Il focus sui danni nelle saline dopo l’esondazione del torrente Verderame che ha mandato sott’acqua Salinagrande e portato fango e detriti nelle vasche dove si produce il sale.

di Mario Torrente

I danni nelle saline nel territorio di Misiliscemi dopo l’esondazione del torrente Verderame. A Salinagrande, una delle più antiche nella storia di Trapani, rischia seriamente di fermarsi. Il suo proprietario, Stefano Terranova, ha lanciato un grido di allarme ed un appello alle istituzioni

Quella di Salinagrande è stata la prima salina della storia di Trapani. Le sue origini risalgono a prima del 1346. Praticamente c’è da sempre e manca pure di un formale atto di concessione da parte di un notaio come per le altre saline trapanesi. Insomma, le sue origini si perdono nella notte dei tempi, quando qui c’era un grande lago poi diventato un insieme di vasche dove “coltivare” il sale. Adesso questi sette e passa secoli di storia potrebbero perdersi per sempre perché la salina di Salinagrande rischia di interrompere le attività per i danni degli allagamenti dello scorso 13 ottobre a causa dell’esondazione del torrente Verderame.

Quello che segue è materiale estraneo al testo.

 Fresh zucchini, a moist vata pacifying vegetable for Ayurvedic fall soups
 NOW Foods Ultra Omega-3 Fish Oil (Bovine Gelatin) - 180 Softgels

Quest’anno a Salinagrande potrebbe infatti saltare la produzione visto che per mettere in produzione una salina ci vuole il tempo necessario per ottenere la giusta quantità di acqua marina concentrata, la famosa “acqua fatta”. Ma serve anche il tempo (senza pioggia) per pulire le vasche dal fango, un’operazione lunga e molto delicata visto che si va ad operare in un ambiente particolare come quello delle saline.

Tutto questo va a colpire un settore già messo a dura prova da un mercato globalizzato dove i margini di profitto sono molto ridotti. Non è più l’Ottocento. Ed il sale marino di Trapani, anche se è un prodotto unico di grande qualità, sarà anche chiamato l’oro bianco ma non rende chissà quali profitti. Quella dei salinai da sempre è una lotta per la sopravvivenza. Per di più lasciati sempre più soli.

E Stefano Terranova, proprio in questi giorni, dalla sua salina ancora sommersa dal fango ha lanciato un appello, chiamando in causa la visita del presidente della Regione Renato Schifani del 15 ottobre 2022, ricordando che questo evento non rappresenta un isolato caso nel tempo, poiché era già successo 19 anni prima nell’alluvione di Salinagrande del 2003. Stessa dinamica degli eventi di 4 mesi fa. Stesso drammatico epilogo.

Adesso, quasi vent’anni dopo, a Salinagrande Stefano Terranova è di nuovo bis e a capo dopo che in questi 19 anni si è completamente dedicato al ripristino della sua salina dopo l’alluvione del 2003. E adesso che era tutto perfetto, è successo di nuovo. Solo che allora aveva 30 anni – ha ricordato in un post sui sociale – adesso ne ha 50 “ed i soldi sono finiti”. Ed a distanza di 4 mesi non c’è stata alcuna dichiarazione di “calamità naturale” da parte della Regione, il che avrebbe fatto partire i ristori, ma solo lo stato di crisi che ha permesso di fare alcuni interventi come la pulizia del torrente Verderame nel punto in cui ha tracimato.

Una manutenzione che, come rimarcato dallo stesso Terranova, andava fatta prima, come intervento ordinario e non come un fatto straordinario dopo che ci sono stati ingenti danni. “Hanno messo la toppa nella barca dopo che è affondata – ha tuonato Terranova – dopo che le persone hanno perso tutto a seguito del disastro del 13 ottobre 2022. Invece di eseguire le manutenzioni ordinarie del canale Verderame in questi anni passati – ha continuato – hanno utilizzato i soldi, che potevano essere tranquillamente utilizzati per i ristori della popolazione e delle aziende che hanno avuto danni, per fare quello che non hanno fatto in questi 19 anni”.

Terranova ha quindi ricordato la visita del presidente della Regione Schifani del 15 ottobre 2022 assieme al capo della Protezione Civile Salvo Cocina e tutte le altri grandi cariche politiche e istituzionali, che sono state nella salina Salinagrande a rendersi conto dell’accaduto. Sembrava che tutti avessero capito la gravità della situazione. Ma quattro mesi dopo Stefano Terranova ha constatato come, purtroppo, a tutte le rassicurazioni fatte non sono seguiti dai fatti”.